De son vrai nom Ulrich Djoumessi, la coqueluche des filles a pendant longtemps été considéré comme l’espoir du R’n’B « Made in Mboa ». En mars 2011, il sort « Je ne donne pas le lait« . Un hit ! Malgré les cris au plagiat de ses compères – qui avec lui ont participé au projet Kamer All Star (Franky P, Jack Napier, Krotal, Laetitia, Duc-Z, Boudor) qui a initialement sorti le titre « Le lait » – la reconnaissance du public est immédiate. Le succès qui s’en suit le fait travailler avec un producteur camerounais basé au Gabon Moyhold & Co. et de là naitra African Mamy. Autre tube qui le mènera à quitter (non sans menaces et échauffourées) Moyhold et à signer un contrat avec le label Empire de Pit Baccardi. Il faut dire que travailler avec le dinosaure camerounais du rap reconverti en producteur parait tentant. Il fera même un remix de « Je ne donne pas le lait » avec la star Singuila.

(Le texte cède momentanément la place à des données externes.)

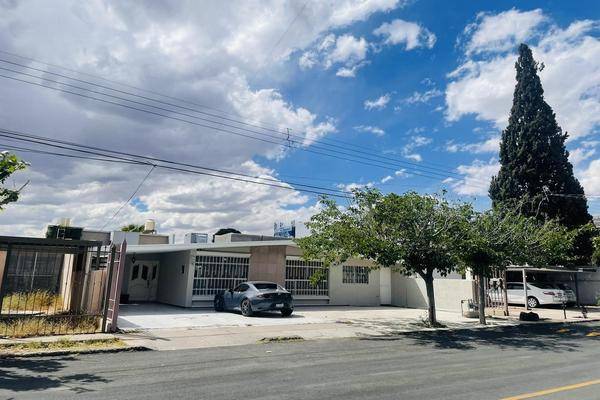 Foto de casa en , chihuahua centro, chihuahua, chihuahua, 0 foto 02 Foto de casa en renta en , chihuahua centro, chihuahua, chihuahua, 0 No. 02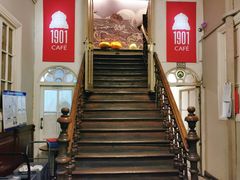 -1901 Cafe(西四店)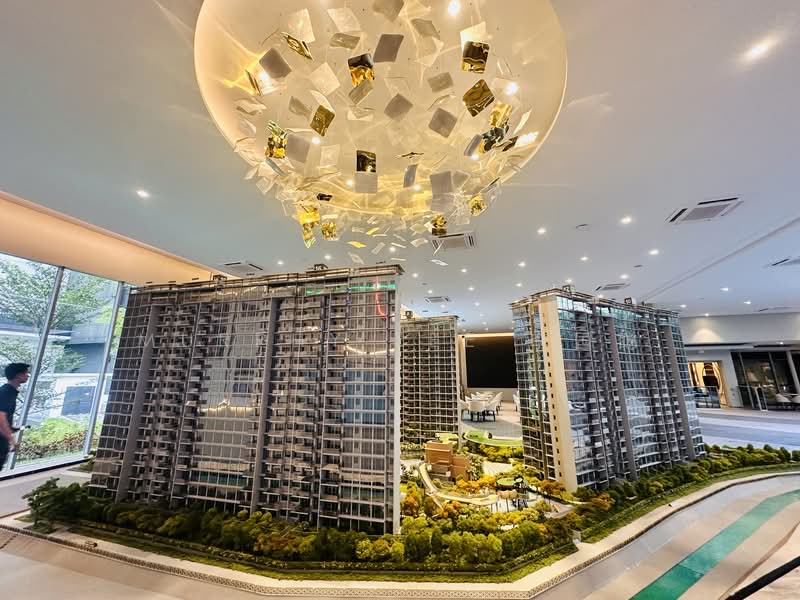 Grand Dunman Condominium For Sale at S$ 6,015,000 | PropertyGuru Singapore - Exterior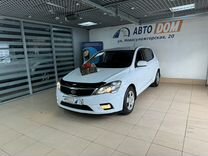 Kia Ceed 1.4 MT, 2010, 222 862 км, с пробегом, цена 750 000 руб.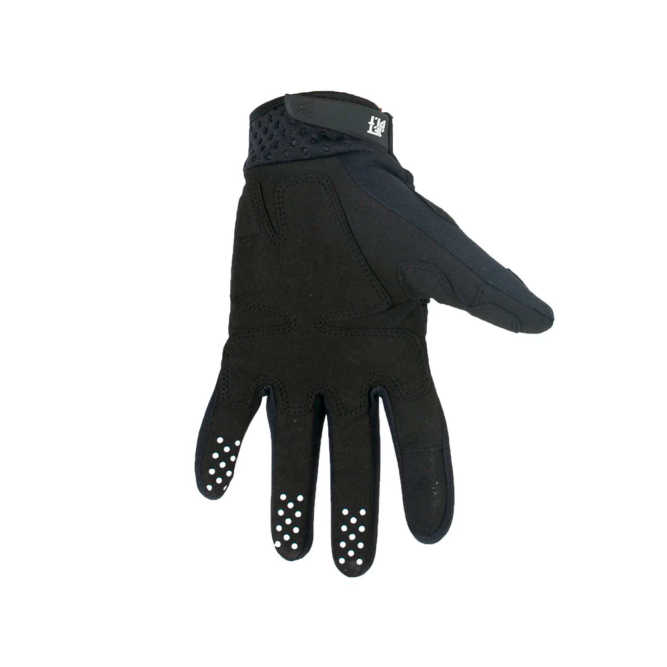 Гидроперчатки JetPilot RX Race Black, XL
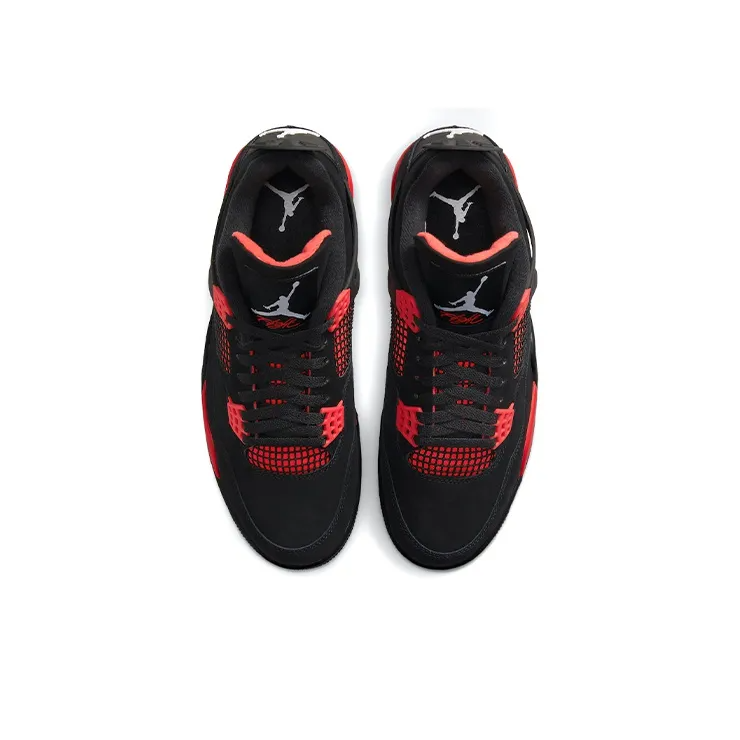 Jordan 4 thunders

Par la suite, alors que tout le public s’attendait à une explosion du jeune chanteur, c’est plutôt à une descente aux enfers qu’il a eu droit. Silence radio. Aucune chanson au top des charts pendant de longs mois et une seule question sur toutes les lèvres : « Où est donc passé Duc-Z ? ». La nouvelle recrue d’Empire en la personne du jeune Magasco y serait parait-il pour quelque chose. Les mots concurrence et jalousie ont circulé dans les bruits de couloirs. Et pour cause il semble que son label de l’époque ait souhaité misé davantage sur la touche anglophone du nouvel arrivant.

Entre autres désaccords, Duc-Z quitte le label sans crier gare et fonde le sien. Pour l’heure, celui qui s’était proclamé le « King » à son heure de gloire (à croire que c’est une habitude…) se bat à revenir au top mais c’est chaud. La relève assurée par des Locko et autres artistes est en marche. Difficile de rivaliser avec le sang neuf. En 2014, il commet le single « ça sort » qui en 1 an a eu moins de 3000 écoutes sur Soundcloud. Une perte pour la musique urbaine camerounaise.

Notre analyse : De mauvais choix de collaboration sont probablement la cause de ce parcours. Duc-Z aura appris que tout ce qui brille n’est pas or. Il pensait sans doute qu’en travaillant avec le label Empire son avenir serait assuré, mais hélas…

Morale de l’histoire : Commencer une carrière en piquant le son de ses petits camarades n’augure jamais rien de bon. Cela finit toujours par vous rattraper d’une manière ou une autre…


En conclusion, commencer n’est pas toujours le plus grand pas dans une carrière et surtout dans un domaine tel que la musique. Il faut s’armer d’un plan malléable d’autant plus que l’environnement camerounais et ses manques ne facilitent pas l’atteinte des objectifs. Les droits d’auteur, la distribution, le management de carrière, les coûts divers. C’est là que prend toute l’importance d’être signé par un label qui pourra mettre les moyens en oeuvre nécessaires à lancer et protéger une carrière dans le temps.

Ces pépites camerounaises auront essuyé les plâtres de ce secteur très prometteur que la musique camerounaise contemporaine et on leur tire notre chapeau.